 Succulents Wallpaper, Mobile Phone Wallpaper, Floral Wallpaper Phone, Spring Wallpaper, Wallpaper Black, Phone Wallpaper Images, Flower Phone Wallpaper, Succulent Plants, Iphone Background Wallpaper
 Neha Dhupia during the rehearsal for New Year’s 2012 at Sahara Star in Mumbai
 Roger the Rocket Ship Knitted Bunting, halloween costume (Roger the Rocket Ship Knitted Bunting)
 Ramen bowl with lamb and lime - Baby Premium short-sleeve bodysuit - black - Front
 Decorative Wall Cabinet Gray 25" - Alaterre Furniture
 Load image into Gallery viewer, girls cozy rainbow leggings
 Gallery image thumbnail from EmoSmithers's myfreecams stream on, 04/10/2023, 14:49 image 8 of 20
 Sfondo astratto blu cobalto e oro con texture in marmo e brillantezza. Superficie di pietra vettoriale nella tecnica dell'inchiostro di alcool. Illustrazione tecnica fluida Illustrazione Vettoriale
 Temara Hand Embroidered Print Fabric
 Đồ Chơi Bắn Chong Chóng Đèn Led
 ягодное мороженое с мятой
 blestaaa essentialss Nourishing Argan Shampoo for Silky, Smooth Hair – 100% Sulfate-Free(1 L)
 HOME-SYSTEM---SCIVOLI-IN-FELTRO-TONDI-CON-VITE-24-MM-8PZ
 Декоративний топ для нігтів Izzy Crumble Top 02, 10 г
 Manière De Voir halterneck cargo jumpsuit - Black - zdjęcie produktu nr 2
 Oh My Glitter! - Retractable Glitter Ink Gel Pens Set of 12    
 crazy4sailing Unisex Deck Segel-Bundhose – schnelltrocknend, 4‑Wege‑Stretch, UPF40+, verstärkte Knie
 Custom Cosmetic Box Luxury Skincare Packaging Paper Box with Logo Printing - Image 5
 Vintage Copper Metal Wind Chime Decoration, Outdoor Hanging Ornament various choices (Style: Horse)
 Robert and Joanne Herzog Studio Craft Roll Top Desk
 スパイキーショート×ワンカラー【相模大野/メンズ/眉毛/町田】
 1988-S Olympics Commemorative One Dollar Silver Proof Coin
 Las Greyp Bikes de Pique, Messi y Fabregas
§
[How to complete this task] The expected answer is an exact copy of the lines beginning at the one with "スパイキーショート×ワンカラー【相模大野/メンズ/眉毛/町田】" and running to the end of the entries above.

[Problem solution]
 スパイキーショート×ワンカラー【相模大野/メンズ/眉毛/町田】
 1988-S Olympics Commemorative One Dollar Silver Proof Coin
 Las Greyp Bikes de Pique, Messi y Fabregas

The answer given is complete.